By supporting emission rate manipulations across a range of complexity online in CMAQ, DESID enhances transparency, automates documentation, reduces the number of trivial errors, and ultimately saves resources. DESID's ECI allows users to enforce simple mapping and scaling rules or configure broadly defined sensitivity scenarios that modify multiple chemical species and/or emission streams, potentially over one or several spatial regions of interest. For the first time, users also have stream-specific control over the aerosol size distributions assumed for each emission source. Importantly, DESID standardizes inputs and definitions of variables, thereby reducing the level of expertise required to use CMAQ's internal algorithms. The module accomplishes this with minimal increase in computational burden.
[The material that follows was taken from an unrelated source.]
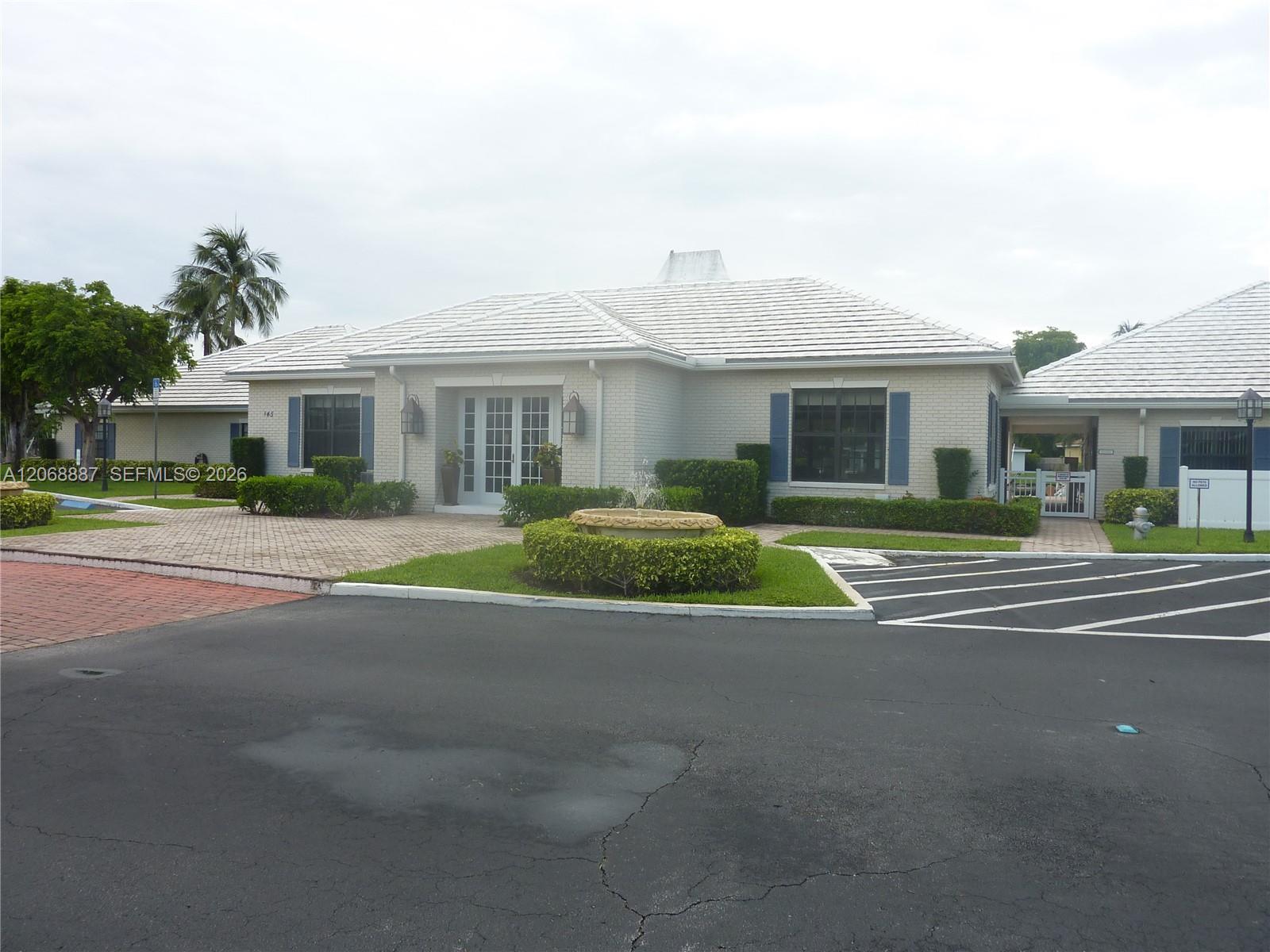 180 Cypress Club Dr # 811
For example, a simulation with source-specific aerosol size distributions and diagnostic output applied for 27 and 19 offline gridded and point emission files, respectively, increased model runtime by an average of 3.5 % for 10 summertime simulation days compared with a reference case with 2 and 8 offline gridded and point files, one primary aerosol size distribution, and no diagnostic output (see Sect. S9 and Table S1). As the science in CMAQ evolves (e.g., chemical mechanisms, aerosol microphysics configurations), users can have confidence that DESID will coevolve with it, thereby removing the burden to update offline approaches. The features available in DESID support a broad range of applications from routine regulatory-oriented perturbation cases to atmospheric chemistry research efforts and coupling with external models (e.g., energy system models, reduced-form models).
Future developments in DESID will further support air quality policy and research analysis by incorporating other common offline tasks. These include interpolating gridded emissions to the selected model projection and domain, reassigning the diel profile of emissions from specific sources, and allowing creation of experimental point and area sources online using the ECI. This latter feature will be particularly important for modern air quality issues like quantifying impacts from forest fire plumes and characterizing the regional burden of pollutants of immediate concern like per- and polyfluoroalkyl substances and ethylene oxide releases.
CMAQ source code (including ECIs for every supported chemical mechanism) is freely available via https://github.com/usepa/cmaq.git (last access: 20 October 2020). Archived CMAQ versions are available from the same repository. Although DESID is available in version 5.3 and later, the most recent version 5.3.2 is the default recommendation and is the version of CMAQ used for this study (https://doi.org/10.5281/zenodo.4081737, US EPA Office of Research and Development, 2020). Model input data are available from the Community Modeling and Analysis System (CMAS) Data Warehouse (https://doi.org/10.15139/S3/MHNUNE, US EPA, 2019c).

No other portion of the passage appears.